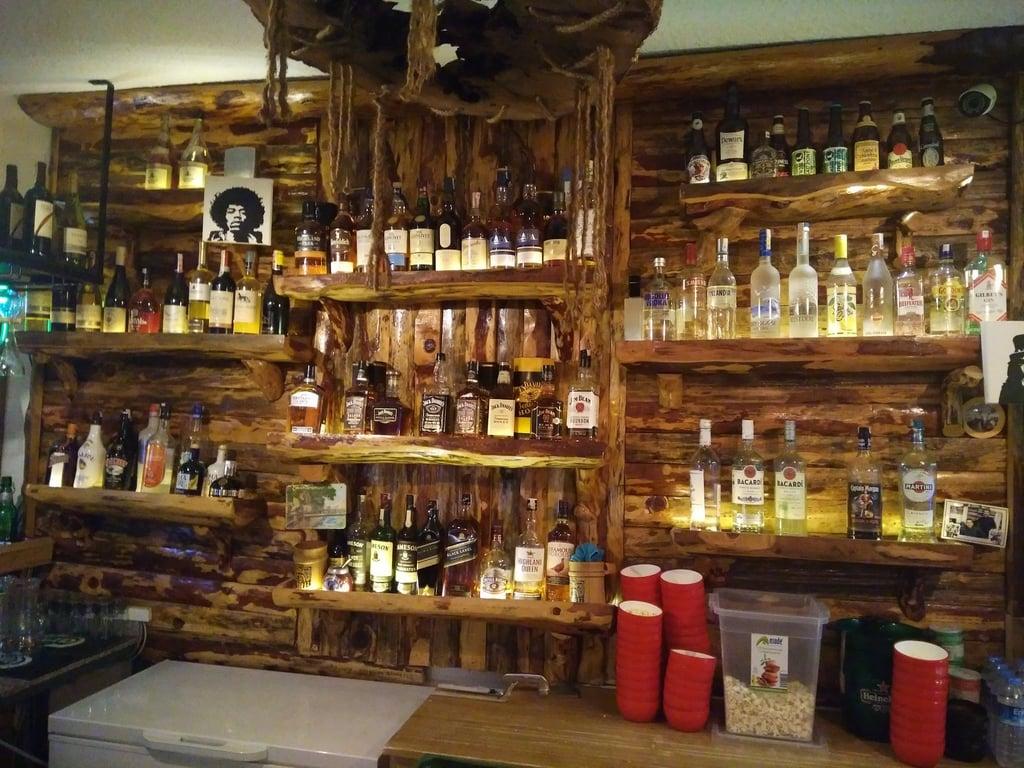 The Barrels Pub Konyaaltı fotoğraf 9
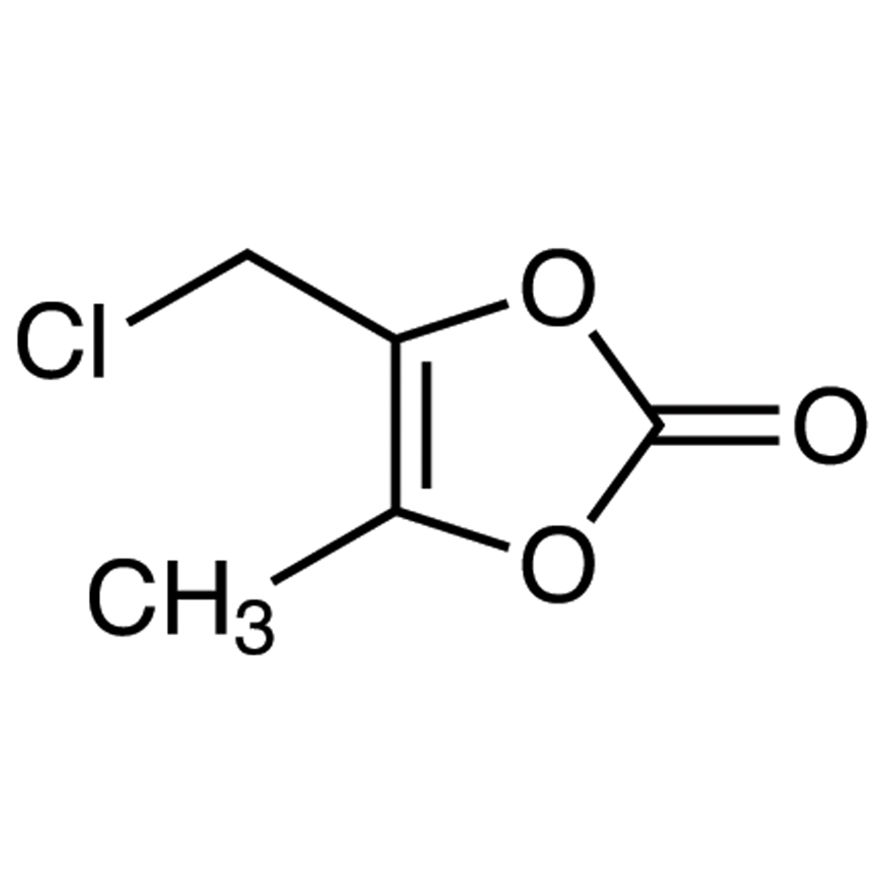 4-Chloromethyl-5-methyl-1,3-dioxol-2-one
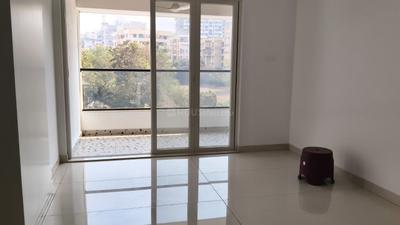 Hall Image of 1120 Sq.ft 2 BHK Apartment / Flat for sale in Chirag Grande View 7, Ambegaon Budruk Pune for Rs. 9000000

Exercise instructions: Omit the pictures and write out the lines above from the one with "4-Chloromethyl-5-methyl-1,3-dioxol-2-one" through the last, unchanged.

Task response:
 4-Chloromethyl-5-methyl-1,3-dioxol-2-one
 Hall Image of 1120 Sq.ft 2 BHK Apartment / Flat for sale in Chirag Grande View 7, Ambegaon Budruk Pune for Rs. 9000000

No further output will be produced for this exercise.